Better yet, Lucy in the guise of ‘Donald’, the long awaited Knight in Shining Armor, on a White Charger, wearing a Golden headpiece, who has demonstrated mastery in the world of business (by his own lights) – proclaims to Charlie that he will make deals that will beat the pants off of the Lucys’ that have punked Charlie so frequently and endlessly. Not only that, but Donald will give Charlie’s tormentors a good poke in the eyeball while he does it.

No more losing, Charlie Brown. No more pulling the ball away at the last moment. From now on there will be winning, Charlie. So much winning Charlie, that you just might get bored with the frequency of this winning.

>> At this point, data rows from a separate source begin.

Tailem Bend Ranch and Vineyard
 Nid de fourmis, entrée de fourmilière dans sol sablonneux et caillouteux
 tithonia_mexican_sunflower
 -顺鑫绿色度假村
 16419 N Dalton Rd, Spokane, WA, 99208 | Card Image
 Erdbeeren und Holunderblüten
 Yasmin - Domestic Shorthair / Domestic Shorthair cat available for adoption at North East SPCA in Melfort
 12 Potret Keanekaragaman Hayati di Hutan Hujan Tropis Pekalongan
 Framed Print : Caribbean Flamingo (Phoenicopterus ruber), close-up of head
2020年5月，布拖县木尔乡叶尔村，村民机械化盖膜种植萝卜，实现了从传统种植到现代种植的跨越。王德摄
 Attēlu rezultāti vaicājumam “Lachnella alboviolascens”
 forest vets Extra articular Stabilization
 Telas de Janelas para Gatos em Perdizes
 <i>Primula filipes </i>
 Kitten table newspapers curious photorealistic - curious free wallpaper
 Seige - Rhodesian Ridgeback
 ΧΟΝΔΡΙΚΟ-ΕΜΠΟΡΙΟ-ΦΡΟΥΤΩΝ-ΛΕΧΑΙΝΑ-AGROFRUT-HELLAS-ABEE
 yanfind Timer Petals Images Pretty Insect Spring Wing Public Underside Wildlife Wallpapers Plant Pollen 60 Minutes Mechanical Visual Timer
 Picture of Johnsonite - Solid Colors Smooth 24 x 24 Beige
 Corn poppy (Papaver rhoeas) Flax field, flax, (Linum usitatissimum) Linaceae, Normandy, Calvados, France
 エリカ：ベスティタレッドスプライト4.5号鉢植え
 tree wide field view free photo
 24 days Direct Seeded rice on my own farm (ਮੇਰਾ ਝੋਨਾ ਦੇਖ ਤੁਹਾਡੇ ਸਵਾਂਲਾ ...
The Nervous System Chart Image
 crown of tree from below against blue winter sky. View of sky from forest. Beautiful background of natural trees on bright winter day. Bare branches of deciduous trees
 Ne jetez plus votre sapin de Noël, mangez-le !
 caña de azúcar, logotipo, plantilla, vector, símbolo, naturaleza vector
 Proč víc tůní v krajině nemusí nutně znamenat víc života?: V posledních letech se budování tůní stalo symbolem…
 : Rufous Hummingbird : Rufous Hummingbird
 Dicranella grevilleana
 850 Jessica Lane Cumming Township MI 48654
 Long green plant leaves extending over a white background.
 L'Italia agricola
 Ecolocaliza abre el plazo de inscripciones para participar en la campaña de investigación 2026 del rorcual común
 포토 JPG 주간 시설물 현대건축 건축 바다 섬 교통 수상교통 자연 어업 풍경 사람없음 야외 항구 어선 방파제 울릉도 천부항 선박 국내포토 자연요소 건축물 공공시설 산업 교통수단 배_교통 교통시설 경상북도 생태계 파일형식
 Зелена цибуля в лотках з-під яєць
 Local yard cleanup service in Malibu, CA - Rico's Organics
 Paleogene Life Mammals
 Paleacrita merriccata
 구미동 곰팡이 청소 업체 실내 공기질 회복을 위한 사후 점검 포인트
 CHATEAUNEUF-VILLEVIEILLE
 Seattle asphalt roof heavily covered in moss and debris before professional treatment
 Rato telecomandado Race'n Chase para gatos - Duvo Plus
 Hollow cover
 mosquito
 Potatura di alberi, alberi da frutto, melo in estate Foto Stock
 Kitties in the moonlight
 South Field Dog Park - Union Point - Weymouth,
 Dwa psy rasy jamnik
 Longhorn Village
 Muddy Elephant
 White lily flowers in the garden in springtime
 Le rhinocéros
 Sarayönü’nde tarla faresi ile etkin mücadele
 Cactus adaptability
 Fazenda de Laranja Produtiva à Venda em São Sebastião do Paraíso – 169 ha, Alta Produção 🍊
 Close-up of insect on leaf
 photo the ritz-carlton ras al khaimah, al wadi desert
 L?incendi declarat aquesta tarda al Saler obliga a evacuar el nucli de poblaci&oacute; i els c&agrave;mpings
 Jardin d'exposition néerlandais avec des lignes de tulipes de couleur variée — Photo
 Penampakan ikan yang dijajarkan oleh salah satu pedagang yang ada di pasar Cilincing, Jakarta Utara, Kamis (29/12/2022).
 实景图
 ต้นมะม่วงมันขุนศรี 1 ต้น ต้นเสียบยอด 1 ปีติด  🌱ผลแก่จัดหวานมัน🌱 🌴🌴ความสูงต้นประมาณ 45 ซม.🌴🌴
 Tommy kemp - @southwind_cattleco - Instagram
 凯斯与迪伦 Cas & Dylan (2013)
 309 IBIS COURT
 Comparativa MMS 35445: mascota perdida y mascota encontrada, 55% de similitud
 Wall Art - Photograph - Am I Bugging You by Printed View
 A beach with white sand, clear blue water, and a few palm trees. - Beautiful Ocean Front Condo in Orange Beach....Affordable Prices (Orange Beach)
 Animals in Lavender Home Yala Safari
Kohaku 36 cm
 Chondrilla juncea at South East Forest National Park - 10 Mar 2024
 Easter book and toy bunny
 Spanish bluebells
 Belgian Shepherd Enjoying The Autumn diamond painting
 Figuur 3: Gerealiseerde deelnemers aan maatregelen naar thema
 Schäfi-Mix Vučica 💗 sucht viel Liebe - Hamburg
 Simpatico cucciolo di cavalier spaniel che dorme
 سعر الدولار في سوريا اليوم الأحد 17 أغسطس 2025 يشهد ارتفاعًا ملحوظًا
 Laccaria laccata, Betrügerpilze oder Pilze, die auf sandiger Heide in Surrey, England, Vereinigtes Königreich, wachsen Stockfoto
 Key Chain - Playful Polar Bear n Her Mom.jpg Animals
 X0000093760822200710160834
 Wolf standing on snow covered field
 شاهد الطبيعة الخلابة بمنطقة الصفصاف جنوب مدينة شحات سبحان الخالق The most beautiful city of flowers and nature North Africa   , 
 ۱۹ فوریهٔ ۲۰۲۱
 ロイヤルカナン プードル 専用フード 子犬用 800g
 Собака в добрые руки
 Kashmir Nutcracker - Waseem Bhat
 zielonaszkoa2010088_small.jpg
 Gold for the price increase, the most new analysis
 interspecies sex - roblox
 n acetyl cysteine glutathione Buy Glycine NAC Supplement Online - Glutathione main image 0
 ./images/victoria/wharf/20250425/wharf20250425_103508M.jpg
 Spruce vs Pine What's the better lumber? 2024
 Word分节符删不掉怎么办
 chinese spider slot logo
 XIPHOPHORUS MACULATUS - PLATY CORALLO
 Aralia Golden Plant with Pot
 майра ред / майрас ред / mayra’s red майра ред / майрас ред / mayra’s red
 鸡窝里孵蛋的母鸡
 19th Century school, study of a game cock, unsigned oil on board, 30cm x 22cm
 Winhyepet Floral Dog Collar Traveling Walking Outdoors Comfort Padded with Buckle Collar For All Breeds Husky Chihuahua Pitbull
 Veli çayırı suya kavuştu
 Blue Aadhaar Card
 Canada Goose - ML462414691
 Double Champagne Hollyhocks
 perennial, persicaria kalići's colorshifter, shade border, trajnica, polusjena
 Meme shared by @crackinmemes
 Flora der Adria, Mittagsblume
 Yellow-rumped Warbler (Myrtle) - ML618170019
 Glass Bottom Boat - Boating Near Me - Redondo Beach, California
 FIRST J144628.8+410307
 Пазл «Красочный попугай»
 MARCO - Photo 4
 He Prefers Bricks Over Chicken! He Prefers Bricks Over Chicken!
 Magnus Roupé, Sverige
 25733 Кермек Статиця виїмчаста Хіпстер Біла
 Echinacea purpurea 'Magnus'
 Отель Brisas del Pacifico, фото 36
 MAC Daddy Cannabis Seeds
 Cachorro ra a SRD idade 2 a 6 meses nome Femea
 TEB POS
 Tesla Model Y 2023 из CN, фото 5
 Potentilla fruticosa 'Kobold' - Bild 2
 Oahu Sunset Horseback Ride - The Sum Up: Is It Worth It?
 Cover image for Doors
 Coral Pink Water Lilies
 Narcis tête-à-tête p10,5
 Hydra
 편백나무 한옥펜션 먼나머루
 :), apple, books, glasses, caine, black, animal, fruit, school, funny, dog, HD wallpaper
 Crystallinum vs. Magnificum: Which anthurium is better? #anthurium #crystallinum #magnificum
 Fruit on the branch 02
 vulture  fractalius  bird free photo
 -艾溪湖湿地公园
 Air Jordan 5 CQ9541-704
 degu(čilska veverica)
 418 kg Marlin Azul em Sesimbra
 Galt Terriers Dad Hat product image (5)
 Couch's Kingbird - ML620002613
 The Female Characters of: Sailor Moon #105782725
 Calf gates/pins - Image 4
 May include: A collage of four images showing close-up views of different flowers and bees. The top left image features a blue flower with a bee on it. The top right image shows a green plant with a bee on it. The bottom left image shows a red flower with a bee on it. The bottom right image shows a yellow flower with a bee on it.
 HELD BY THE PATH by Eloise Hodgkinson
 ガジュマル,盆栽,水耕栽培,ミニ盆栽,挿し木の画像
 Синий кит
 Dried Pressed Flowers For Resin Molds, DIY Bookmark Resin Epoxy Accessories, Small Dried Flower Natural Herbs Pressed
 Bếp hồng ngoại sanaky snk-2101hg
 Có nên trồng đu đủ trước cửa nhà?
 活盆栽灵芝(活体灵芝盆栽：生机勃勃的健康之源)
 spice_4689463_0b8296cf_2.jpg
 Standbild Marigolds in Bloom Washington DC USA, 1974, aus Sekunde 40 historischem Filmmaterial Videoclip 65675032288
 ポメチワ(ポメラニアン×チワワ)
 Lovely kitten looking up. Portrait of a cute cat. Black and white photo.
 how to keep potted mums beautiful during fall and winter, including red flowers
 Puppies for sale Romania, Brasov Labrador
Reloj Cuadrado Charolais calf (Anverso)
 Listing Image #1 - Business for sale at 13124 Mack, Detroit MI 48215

All of this is music to Charlie’s ears and he begins to make a deep, emotional investment in Donald. But Donald is a charlatan. Donald has been painting a fictional picture of himself and his Knightly skills and exploits. However, Charlie is in too deep. Folks who recognized Donald for the Lucy Van Pelt that he really is, began to try to break the spell and warn Charlie of Donald’s real history of chumminess with the very Lucys that Charlie is relying on Donald to subdue and defeat. They try to show Charlie the evidence that Donald has never until recently even supported his values and ideals.

It’s too late. Charlie won’t hear of it. Not only will he not hear of it, he has stopped listening to anyone but Donald.  Charlie’s friends are trying to cheat him out of his first opportunity to kick that football. Charlie begins to resent any questions about Donald’s motives and resent anyone who posed those questions. Donald’s detractors are “losers” and doubters and Charlie is going to hitch his wagon to a winner and follow Donald where ever he leads. Trump is a kind of Heroin that can be bought for the meager price of a cup of illusion.

Donald is no longer merely a commander and captain – he has transcended that. Donald is the Heavenly Leader. Now that Donald has Charlie so completely in a catatonic stupor, nothing and no one can break the spell. Ironically, the cynical Donald can’t even do it. Donald tells Charlie to his face that he plans to partner with Charlie’s antagonists, the Lucys. “I can tell you, they like me, those guys,” Trump says. “And there’s nothing wrong with that, folks. We’ve got to make deals.”

Charlie denies what he is hearing. Donald even goes so far as to mock Charlie to others. “I could stand on 5th Avenue and shoot somebody and I wouldn’t lose any voters.” He even tries this line on Charlie himself, and Charlie not only doesn’t flinch, but applauds his role as chump.

Nothing breaks the spell. Not indecency, not vulgarity, not deception, not duplicity, not glaring contradictions. Not even evidence that Donald has operated in a manner entirely contradictory with the image he sold Charlie.

There are millions of Charlies. They are not bad people – they are good people. Well intentioned. Not all of them have succumbed to the swoon completely. Some are discomforted by the warning alarms that are going off in their minds and hearts, but they can’t fold their hand, collect the few poker chips they still have and walk away from the table, where they suspect the game is crooked. For these Charlies are a captive of the speculation they have invested in. To dismiss their false prophet, they fear losing face. They fear it even more than the inevitable pulling away of the football. Offer them a seat on the life boat and they will disdain it for their place on the deck of the Titanic.

But I love Charlie Brown. I will never call him a blockhead (to his face).